Conventional propane dehydrogenation (PDH) is an endothermic, equilibrium-limited reaction that requires high temperatures to achieve commercially viable per-pass yields of propylene. Oxidative propane dehydrogenation has the potential to form propylene at much lower temperatures and more selectively by controlling the reaction kinetically, rather than thermodynamically. However, it has proven difficult to prevent large amounts of propane combustion and to generate sufficient amounts of propylene.
A new tandem catalyst designed and developed by researchers at Northwestern University (Evanston, Ill.; www.northwestern.edu) has generated good results in oxidatively dehydrogenating propane to propylene at selectivities of 75% and single-pass propane conversion rates of 40% at temperatures of 450°C (compared to ~600°C for conventional PDH).

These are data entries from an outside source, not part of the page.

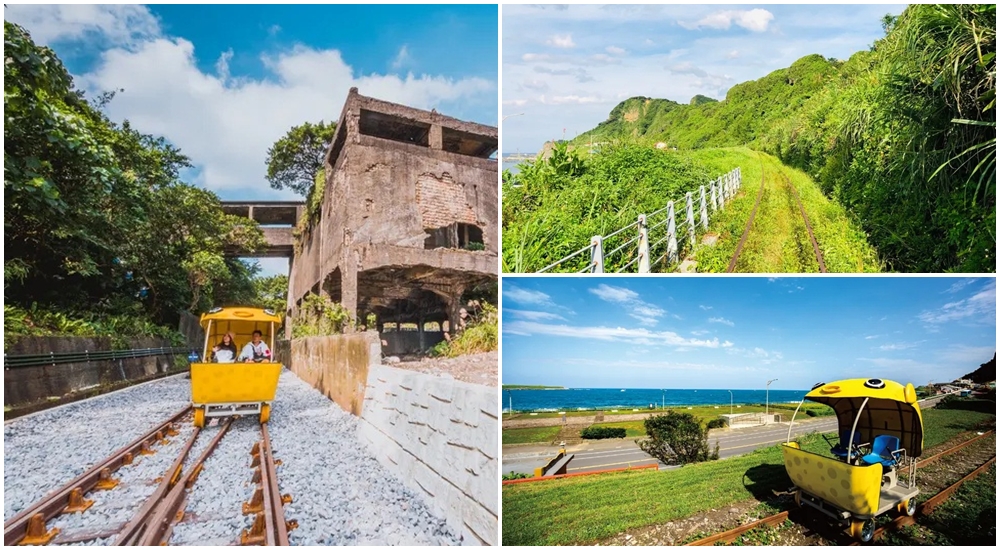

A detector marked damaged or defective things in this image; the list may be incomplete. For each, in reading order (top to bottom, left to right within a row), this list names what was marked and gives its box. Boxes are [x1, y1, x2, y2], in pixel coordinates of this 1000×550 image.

rusty rail [2, 408, 190, 544]
rusty rail [242, 424, 292, 544]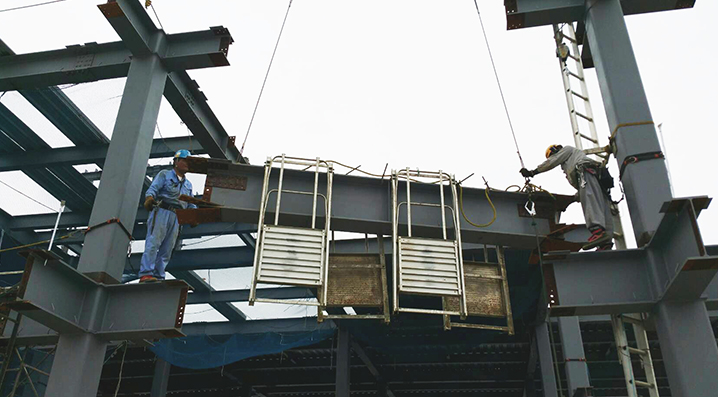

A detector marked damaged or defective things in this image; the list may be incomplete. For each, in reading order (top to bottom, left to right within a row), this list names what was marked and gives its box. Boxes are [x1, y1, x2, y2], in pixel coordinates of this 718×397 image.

rust stain on steel [207, 169, 249, 190]
rusty steel plate [207, 169, 249, 190]
rust stain on steel [176, 206, 221, 224]
rusty steel plate [328, 254, 386, 306]
rust stain on steel [328, 254, 386, 306]
rusty steel plate [444, 262, 506, 318]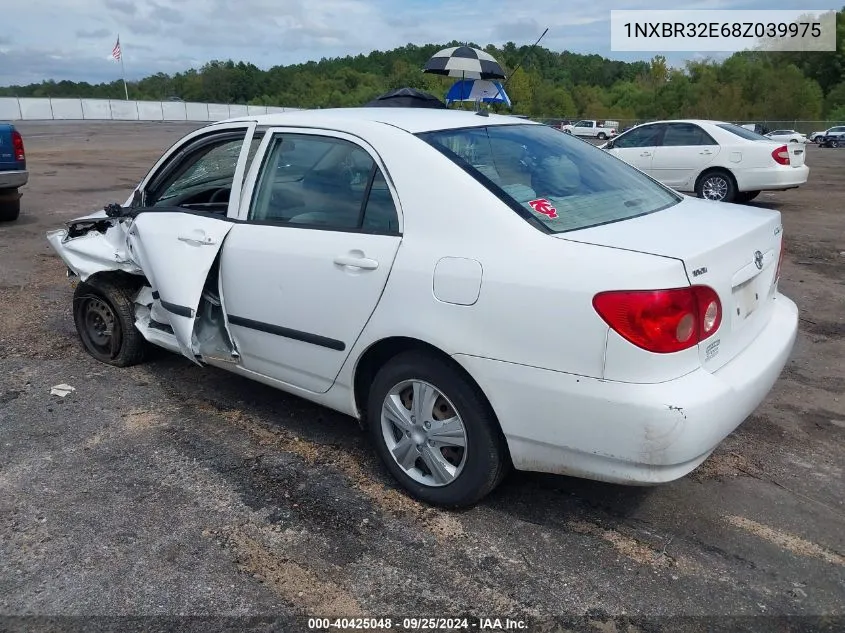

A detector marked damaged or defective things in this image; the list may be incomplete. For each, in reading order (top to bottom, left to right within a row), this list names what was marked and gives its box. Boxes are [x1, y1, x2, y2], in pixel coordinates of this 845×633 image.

damaged door panel [123, 211, 234, 360]
damaged white car [46, 107, 796, 504]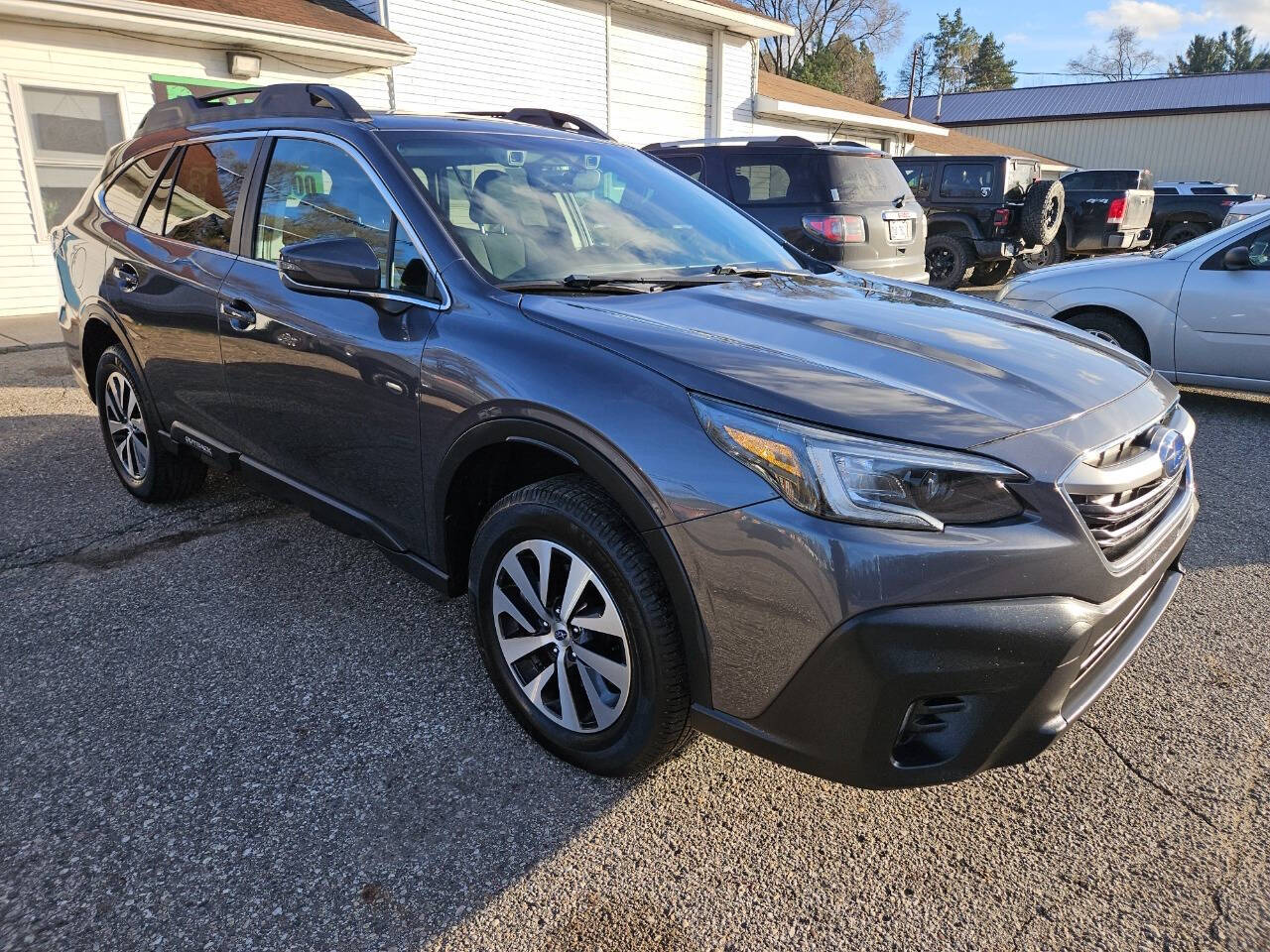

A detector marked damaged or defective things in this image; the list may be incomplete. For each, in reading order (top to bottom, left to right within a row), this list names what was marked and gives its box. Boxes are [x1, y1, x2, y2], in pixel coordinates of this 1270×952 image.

cracked pavement [0, 345, 1264, 952]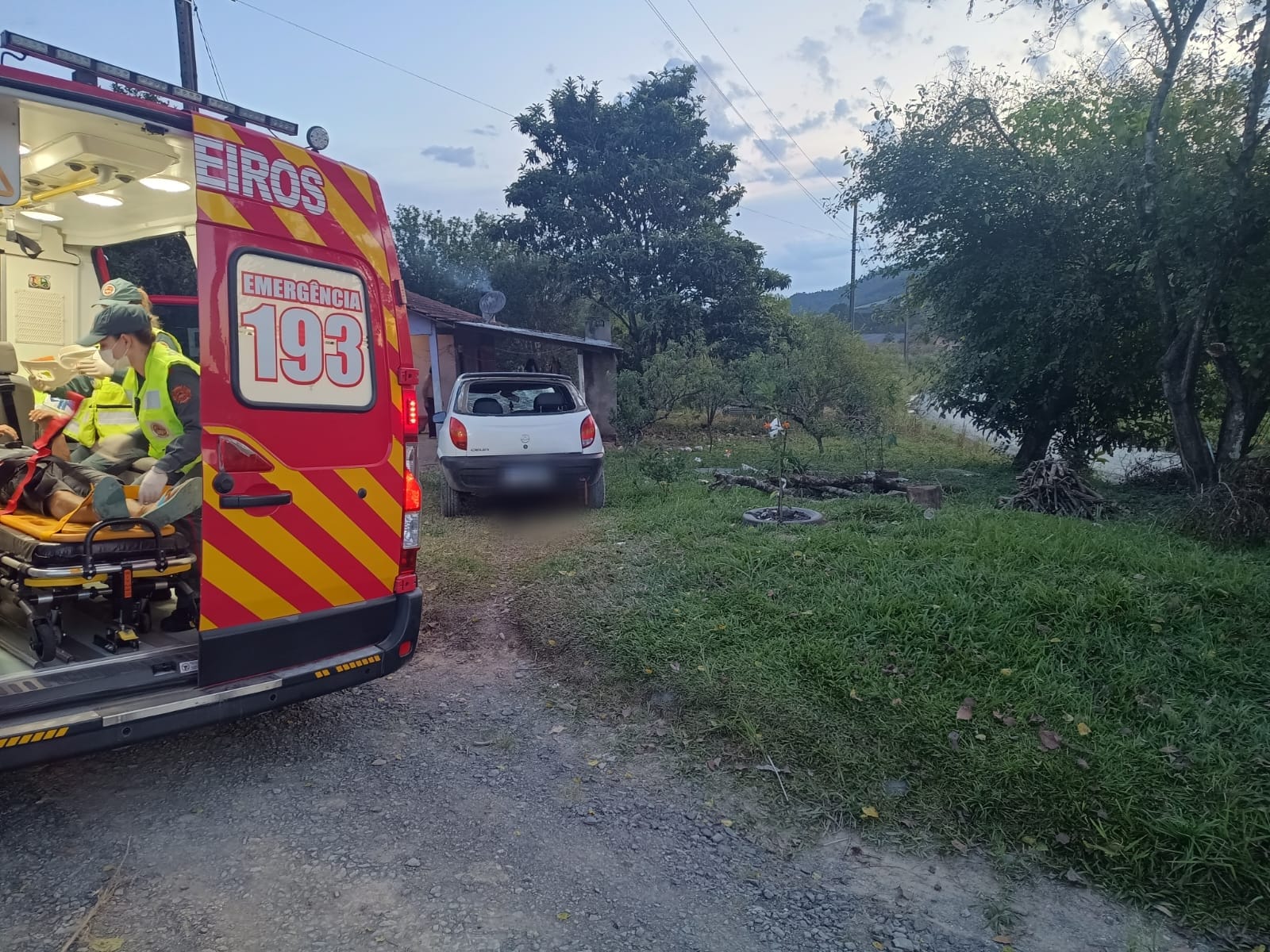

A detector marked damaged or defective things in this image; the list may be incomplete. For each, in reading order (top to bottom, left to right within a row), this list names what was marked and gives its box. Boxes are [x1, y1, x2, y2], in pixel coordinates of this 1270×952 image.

The catalyst consists of a ~2-nm shell of In2O3 grown by atomic layer deposition (ALD) on the surface of an existing PDH catalyst (Pt nanoparticles on Al2O3 spheres). The In2O3 layering leaves the Pt nanoparticles partially exposed and brings In2O3, which selectively catalyzes hydrogen combustion, into close proximity with the Pt particles. “After the H atoms are removed from propane on the Pt catalyst, they can diffuse across the surface to the In2O3 and form water,” explains Northwestern professor Justin Notestein. “For our tandem catalyst, we need to combust the H atoms very quickly, so that the oxygen isn’t available to oxidize the propane or propylene on the Pt surface,” he says.
“Not only can you run oxidative dehydrogenation at lower temperatures without hitting thermodynamic limits, but continuous reheating is not required, as in conventional PDH,” Notestein comments, and the tandem catalyst design stabilizes the platinum against sintering, lengthening catalyst lifetime and eliminating the need for regeneration. The work was funded by the National Science Foundation Center for Innovative and Strategic Transformations of Alkane Resources (CISTAR).